*** Records for the task

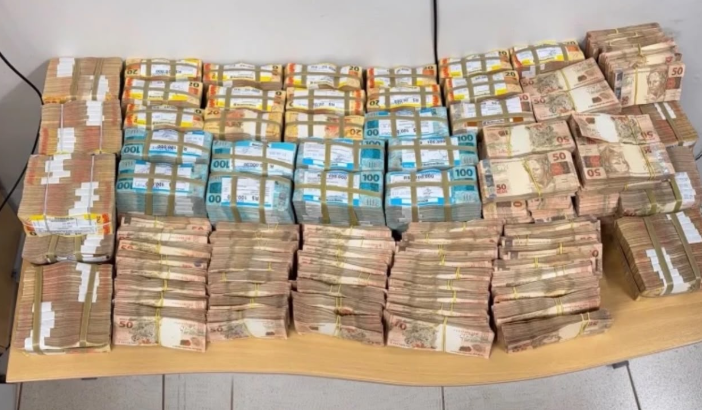 Motorista é preso pela Polícia Federal após sacar quantia milionária em banco de Porto Velho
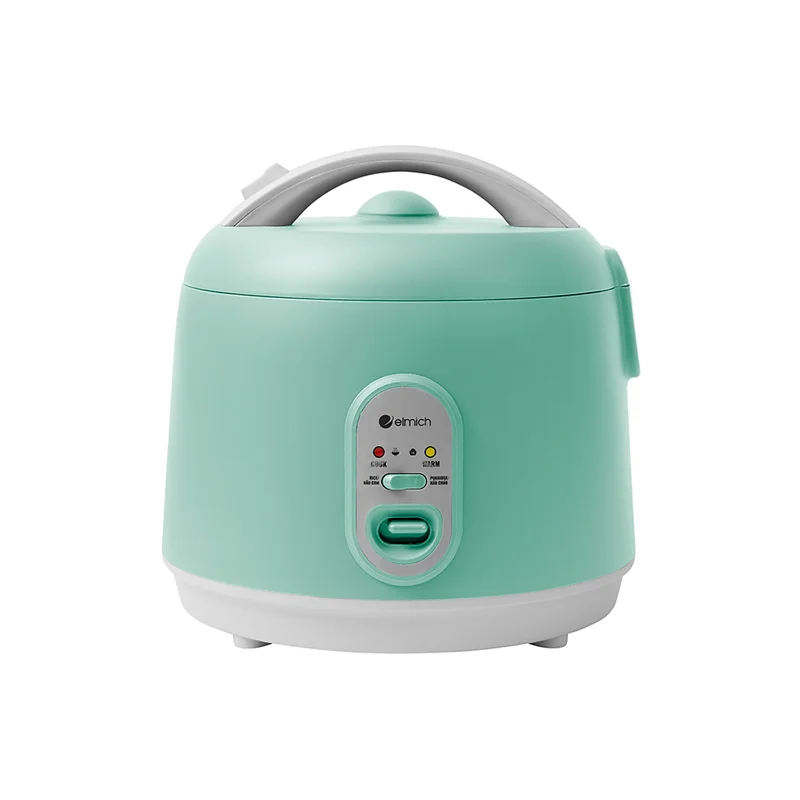 Nồi cơm điện Elmich 1.8L RCE9250, Công nghệ ủ nhiệt 3D - Hàng chính hãng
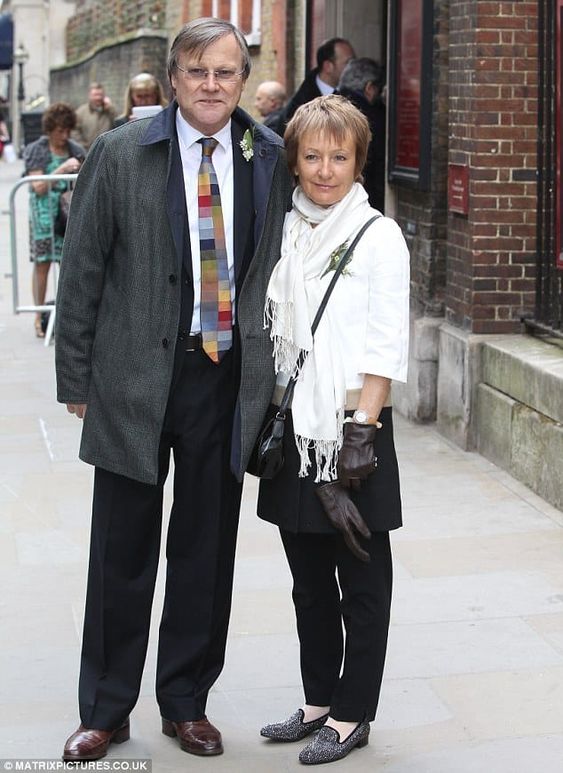 Roy Cropper Wife: Is Roy Cropper Married In Real Life? - ABTC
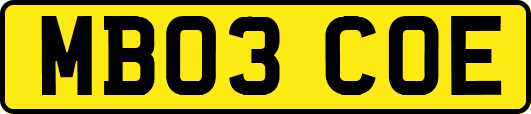 MB03COE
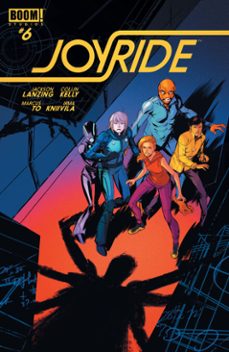 joyride @6 (ebook)-jackson lanzing-collin kelly-9781681599267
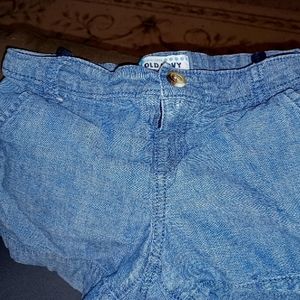 Brand new with out tags old navy shorts size 10 for girl open to offers bundling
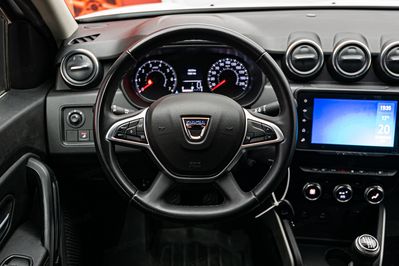 Dacia Duster 1.3 TCe Prestige 4WD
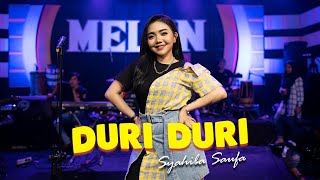 Syahiba Saufa - Duri Duri (Official Music Video) Duri Duri Yang Kau Tancapkan Di Hati Ini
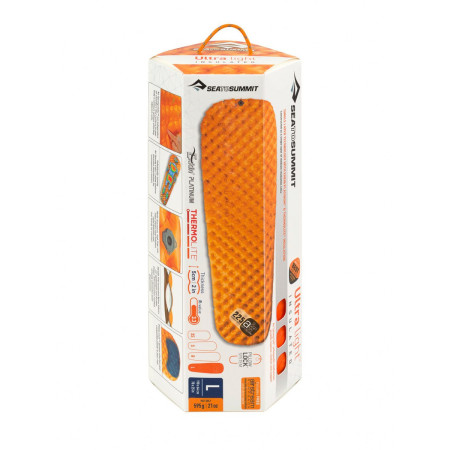 Saltea gonflabilă STS Ultralight Insulated L
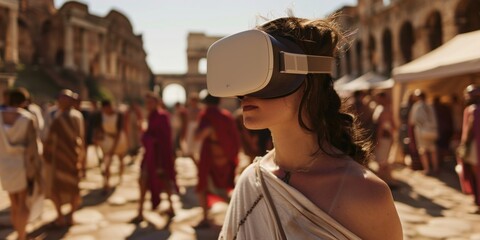 Virtual Reality Historical Experiences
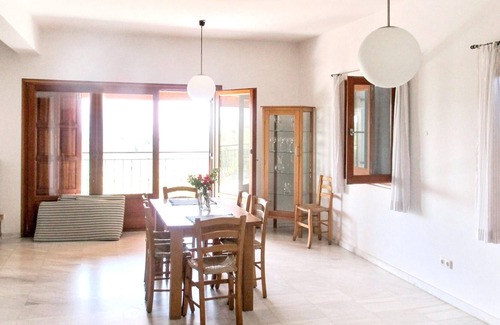 Skafidia Apartment | Homerez - Appartement 2 km away from the beach for 7 ppl. at Agios Ilias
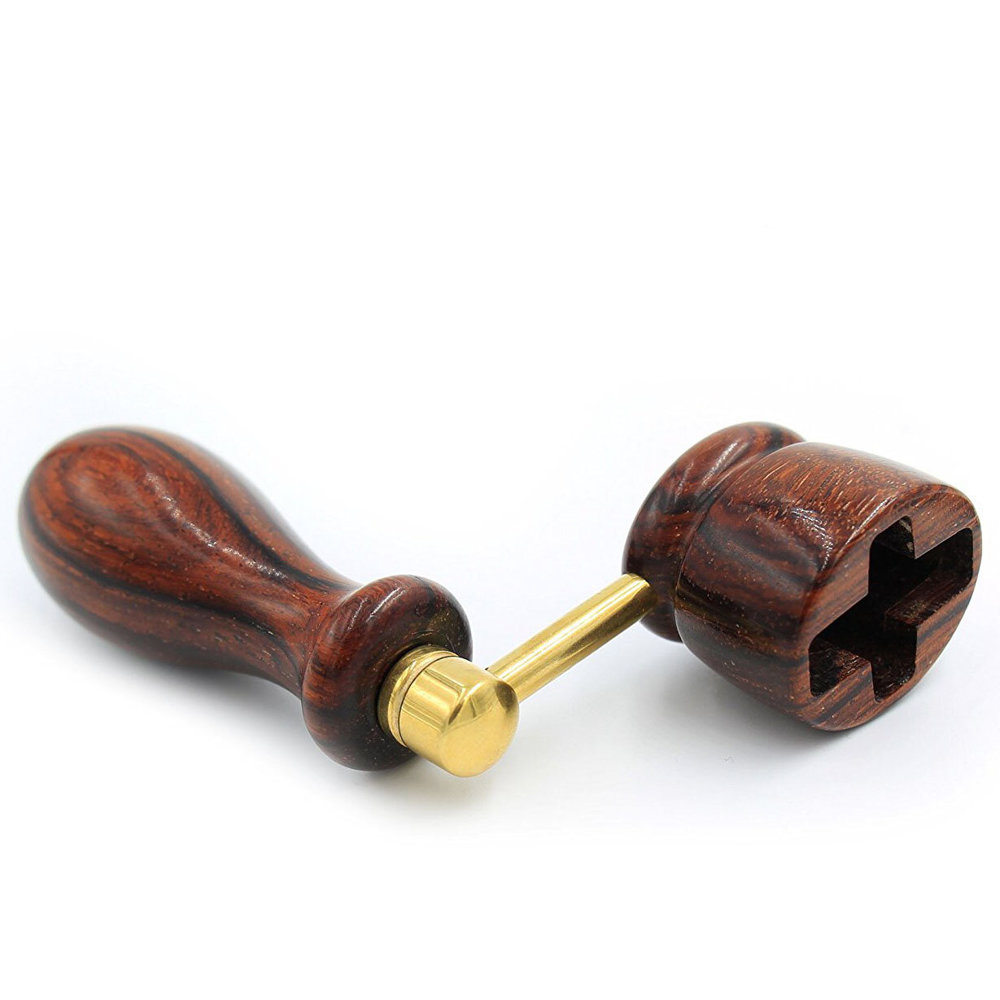 TENOR TSWC-COCOBOLO 木製ストリングスワインダー ココボロ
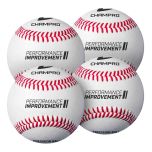 CHAMPRO 7.5" TRAINING BASEBALL CBB775S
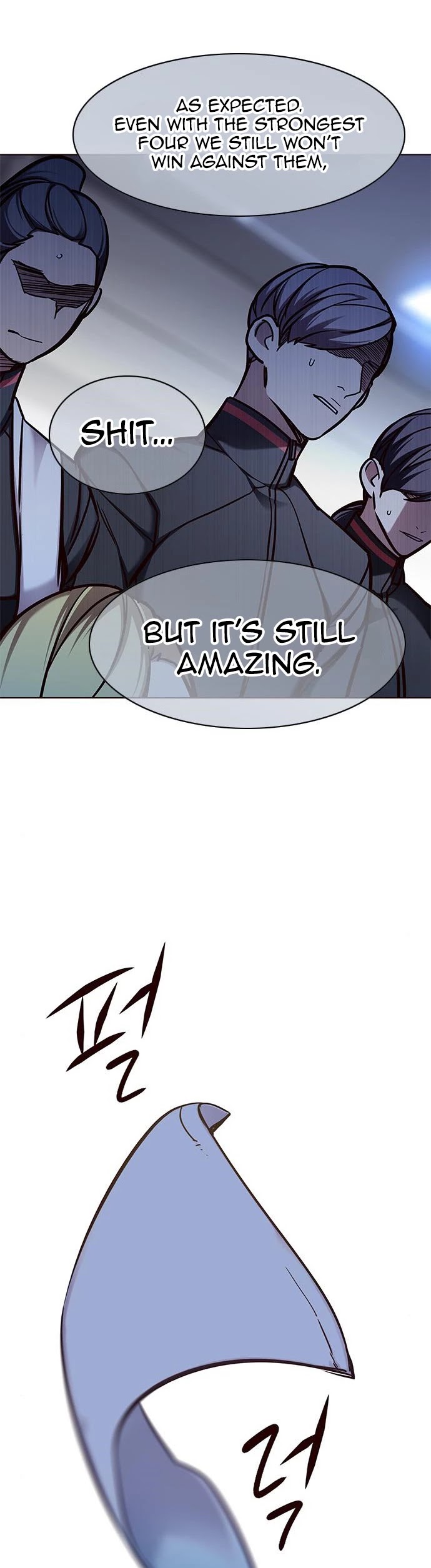 Eleceed Chapter 151 page 37 - Chapter 151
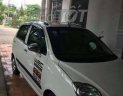 Chevrolet Spark 2010 - Bán Chevrolet Spark đời 2010, màu trắng 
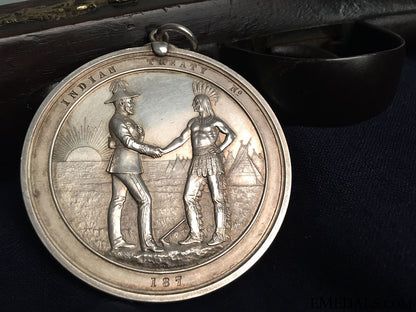 a_rare_large1870'_s_canadian_indian_peace_medal_a_rare_large_187_545113b90b387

******

* What you need to do *
Transcribe each entry above without alteration, but keep the pictures out.

* Answer section *
 Motorista é preso pela Polícia Federal após sacar quantia milionária em banco de Porto Velho
 Nồi cơm điện Elmich 1.8L RCE9250, Công nghệ ủ nhiệt 3D - Hàng chính hãng
 Roy Cropper Wife: Is Roy Cropper Married In Real Life? - ABTC
 MB03COE
 joyride @6 (ebook)-jackson lanzing-collin kelly-9781681599267
 Brand new with out tags old navy shorts size 10 for girl open to offers bundling
 Dacia Duster 1.3 TCe Prestige 4WD
 Syahiba Saufa - Duri Duri (Official Music Video) Duri Duri Yang Kau Tancapkan Di Hati Ini
 Saltea gonflabilă STS Ultralight Insulated L
 Virtual Reality Historical Experiences
 Skafidia Apartment | Homerez - Appartement 2 km away from the beach for 7 ppl. at Agios Ilias
 TENOR TSWC-COCOBOLO 木製ストリングスワインダー ココボロ
 CHAMPRO 7.5" TRAINING BASEBALL CBB775S
 Eleceed Chapter 151 page 37 - Chapter 151
 Chevrolet Spark 2010 - Bán Chevrolet Spark đời 2010, màu trắng 
 a_rare_large1870'_s_canadian_indian_peace_medal_a_rare_large_187_545113b90b387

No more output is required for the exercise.